思わぬ再会
「懐かしい魔力を感じると思ったら、お前かユウコ・タミューイ」
そんな声に振り向くと、1人の男が立っていた。2m近い長身に厚みのある筋骨隆々な体躯にタンクトップの様な服を纏った男だ。禿頭に日に焼けた健康的な雰囲気、貫禄を感じさせるが年齢としては20歳前後。
まともに組み合ったら一瞬で組み伏せられそうな圧がある。しかし、その表情は柔和で剣呑なものは感じさせない。
「俺はユーゴ・タマイだ。ニクルム」
「お前こそ名前を間違ってるぞ、俺はニュクリュヌだ」
「発音の違いだろ」
「発音は大事だ、ユウコ」
呂律の違いか微妙に言い間違えるというか、発音しきれない名前なのだ。ある程度で諦めるしかない。
「まあなんだ、無事で何よりだ」
「ウィザードと歌姫も無事だぞ」
「ほうそうか。ま、研究所生まれは誰もが簡単にくたばるタマじゃねぇか」
「魔力だけは高いからな」
「ユウコもちったぁ、魔法が使えるようになったみたいだな」
「アレから15年は経ってるからな」
研究所時代、前世が魔法と無縁だった俺は、術式の技量で大きく出遅れていた。その分、模擬戦では狡い手で歌姫から勝つから恨まれたんだろうが……。

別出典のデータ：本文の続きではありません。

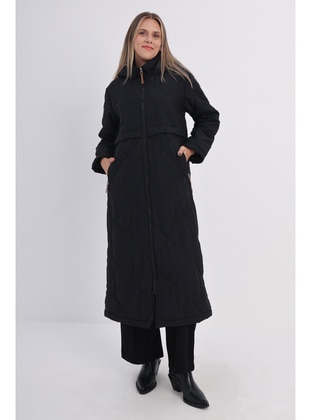 Black - Fully Lined - Hooded collar - Puffer Jackets - ALLDAY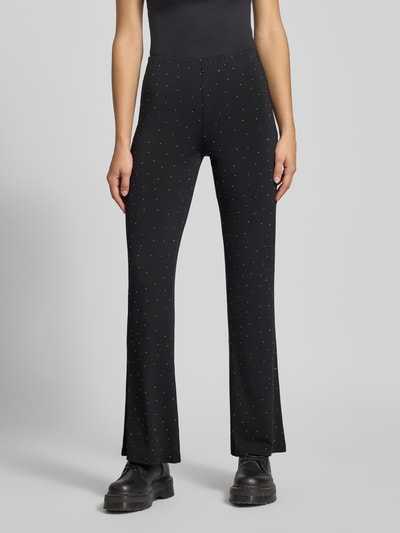 Only Spodnie szerokie z obszyciem ozdobnymi kamieniami model ‘ZITA’ Czarny 4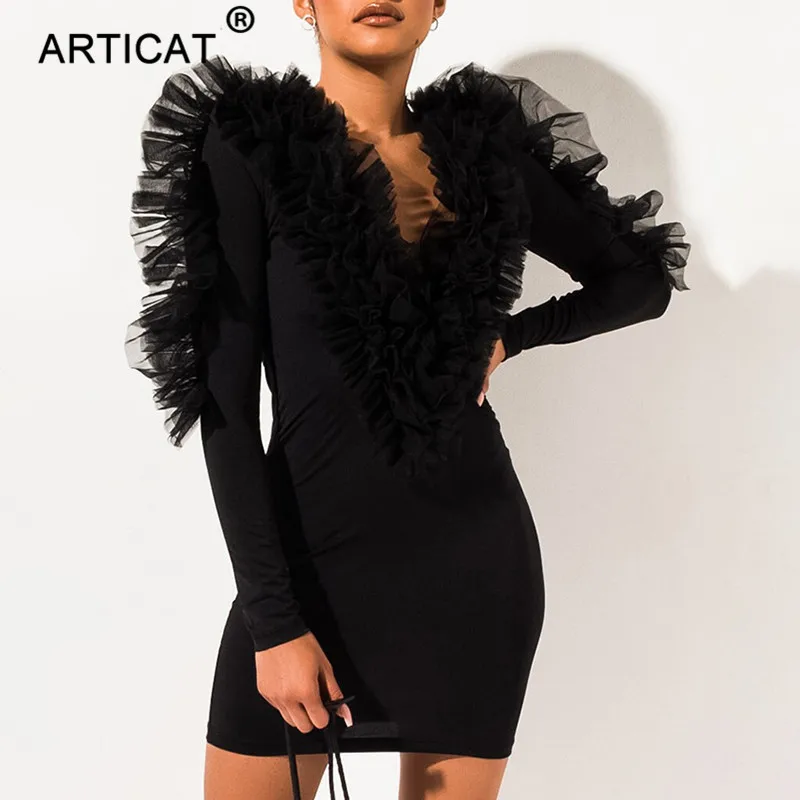 Articat Ruffles Mesh Patchwork Sexy Dress Women Deep V Neck Long Sleeve Slim Autumn Dress Elegant Short Party Club Dress
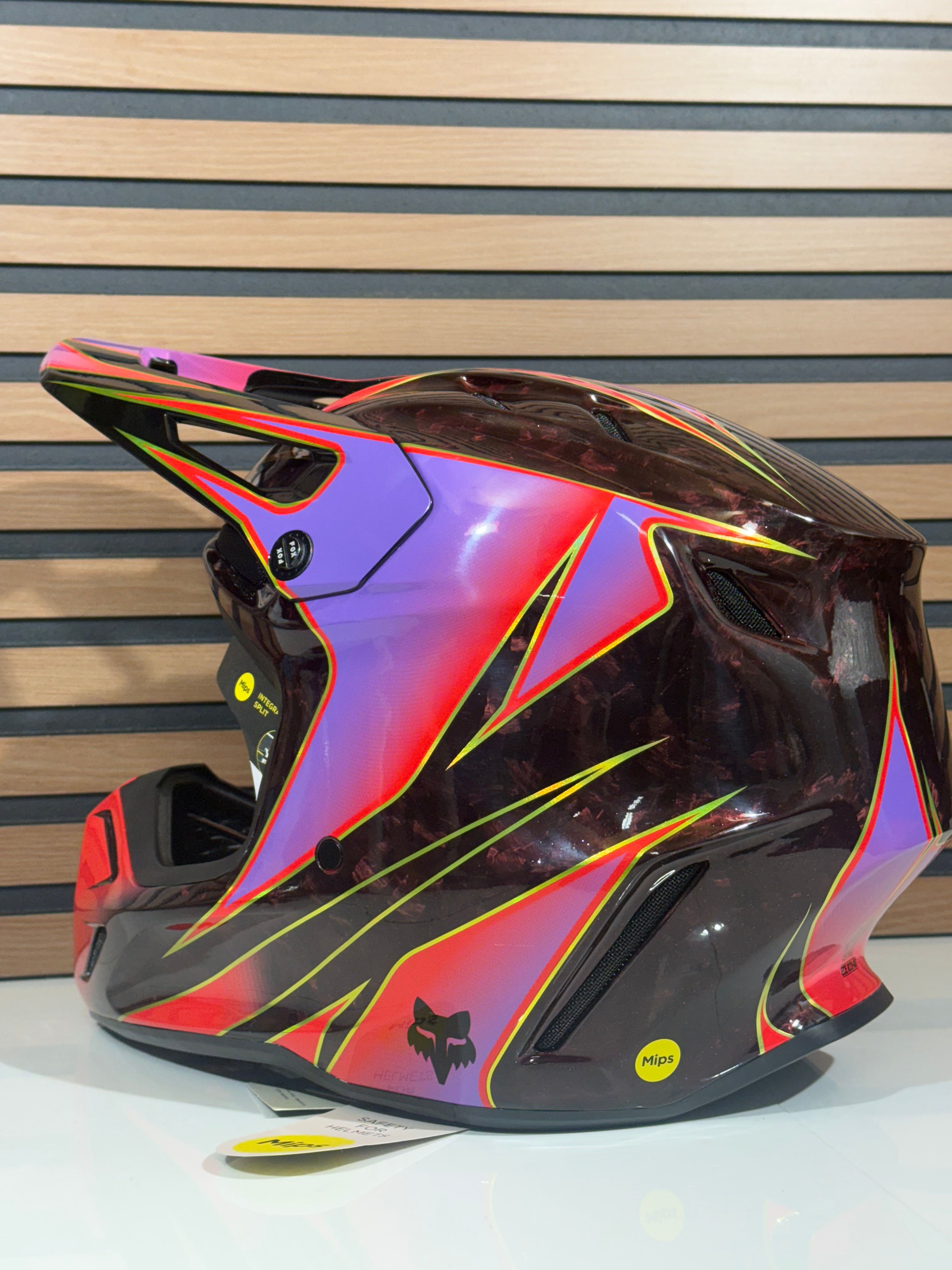 Fox Racing V3 RS Carbon Canvas Helmet Red / Purple  - Large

ウルバーンに不時着して、アイネに基礎から叩き直されて何とか魔術師の水準を獲得できた。
ニクルムは前世が魔剣を作れる鍛冶師だった。自作の魔剣で様々な魔法を使いこなしていたらしい。その技術は今世でも遺憾無く発揮できていた。
「ニクルムはずっとドヴェルグなのか?」
「俺は隣のヴァーネに流れ着いた。ただ鍛冶をやるならこっちが良いだろうって事で、十年ほど前に移ってきた」
職人の多いドヴェルグには鍛冶師としての需要もあるらしい。魔導騎士用の魔剣を鍛えたりしてそれなりに稼いでいるようだ。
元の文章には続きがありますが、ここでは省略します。